Work request = Beginning with the line that contains "12307 Collins Street, Valley", extract each line through the end of the listing below, with no additions or omissions.

Source material =
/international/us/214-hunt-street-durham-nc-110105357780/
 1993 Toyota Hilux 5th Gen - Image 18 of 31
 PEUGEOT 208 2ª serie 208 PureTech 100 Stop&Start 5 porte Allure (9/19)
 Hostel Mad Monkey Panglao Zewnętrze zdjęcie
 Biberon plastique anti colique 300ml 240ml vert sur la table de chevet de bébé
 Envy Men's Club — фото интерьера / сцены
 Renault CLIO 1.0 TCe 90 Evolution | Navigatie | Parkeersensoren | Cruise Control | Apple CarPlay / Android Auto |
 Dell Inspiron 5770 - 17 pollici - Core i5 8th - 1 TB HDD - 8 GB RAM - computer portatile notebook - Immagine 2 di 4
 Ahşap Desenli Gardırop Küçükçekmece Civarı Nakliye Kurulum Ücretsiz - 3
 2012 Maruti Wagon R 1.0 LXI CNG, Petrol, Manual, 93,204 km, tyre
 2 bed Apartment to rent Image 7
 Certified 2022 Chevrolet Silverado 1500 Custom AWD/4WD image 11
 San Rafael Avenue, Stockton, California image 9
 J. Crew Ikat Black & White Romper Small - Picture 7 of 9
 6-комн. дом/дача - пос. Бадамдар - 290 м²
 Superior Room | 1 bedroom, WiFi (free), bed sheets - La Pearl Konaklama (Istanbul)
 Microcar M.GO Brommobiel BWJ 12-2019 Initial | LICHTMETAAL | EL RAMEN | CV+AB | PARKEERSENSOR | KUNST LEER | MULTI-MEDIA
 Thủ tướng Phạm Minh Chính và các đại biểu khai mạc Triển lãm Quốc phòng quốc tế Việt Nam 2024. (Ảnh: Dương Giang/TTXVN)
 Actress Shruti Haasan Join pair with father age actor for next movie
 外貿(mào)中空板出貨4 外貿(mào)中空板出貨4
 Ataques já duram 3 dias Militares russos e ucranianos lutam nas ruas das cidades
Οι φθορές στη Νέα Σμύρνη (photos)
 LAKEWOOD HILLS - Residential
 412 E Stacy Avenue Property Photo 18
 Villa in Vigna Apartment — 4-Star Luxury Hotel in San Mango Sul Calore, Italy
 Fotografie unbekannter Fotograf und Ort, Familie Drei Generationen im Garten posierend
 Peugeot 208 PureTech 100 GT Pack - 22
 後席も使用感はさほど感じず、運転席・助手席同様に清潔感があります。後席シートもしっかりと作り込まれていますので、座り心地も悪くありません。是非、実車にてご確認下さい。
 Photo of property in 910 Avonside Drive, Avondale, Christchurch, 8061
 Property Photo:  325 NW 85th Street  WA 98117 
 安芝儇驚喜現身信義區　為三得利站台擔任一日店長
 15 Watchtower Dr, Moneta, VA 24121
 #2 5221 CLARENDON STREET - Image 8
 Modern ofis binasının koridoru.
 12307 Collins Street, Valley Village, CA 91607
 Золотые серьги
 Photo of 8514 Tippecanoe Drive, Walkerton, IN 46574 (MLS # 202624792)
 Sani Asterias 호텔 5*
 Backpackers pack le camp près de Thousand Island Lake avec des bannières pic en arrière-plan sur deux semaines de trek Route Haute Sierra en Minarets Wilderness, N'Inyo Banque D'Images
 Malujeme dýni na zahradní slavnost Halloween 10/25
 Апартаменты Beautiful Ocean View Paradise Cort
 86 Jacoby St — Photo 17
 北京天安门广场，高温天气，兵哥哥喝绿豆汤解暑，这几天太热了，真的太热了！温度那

Answer box =
 12307 Collins Street, Valley Village, CA 91607
 Золотые серьги
 Photo of 8514 Tippecanoe Drive, Walkerton, IN 46574 (MLS # 202624792)
 Sani Asterias 호텔 5*
 Backpackers pack le camp près de Thousand Island Lake avec des bannières pic en arrière-plan sur deux semaines de trek Route Haute Sierra en Minarets Wilderness, N'Inyo Banque D'Images
 Malujeme dýni na zahradní slavnost Halloween 10/25
 Апартаменты Beautiful Ocean View Paradise Cort
 86 Jacoby St — Photo 17
 北京天安门广场，高温天气，兵哥哥喝绿豆汤解暑，这几天太热了，真的太热了！温度那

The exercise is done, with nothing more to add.